TASK DIRECTIONS — Write down the listing again exactly as it appears below, without its pictures.

DATA PROVIDED —
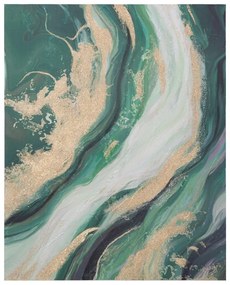 Greenery kép, 80 x 100 cm - Mauro Ferretti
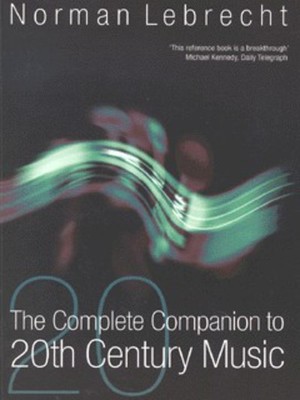 9780684851761.jpg
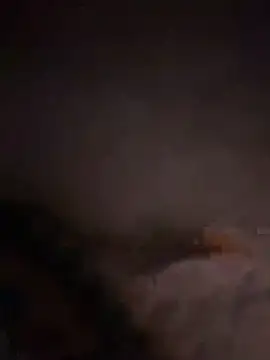 CristalOwens webcam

FINISHED EXERCISE —
 Greenery kép, 80 x 100 cm - Mauro Ferretti
 9780684851761.jpg
 CristalOwens webcam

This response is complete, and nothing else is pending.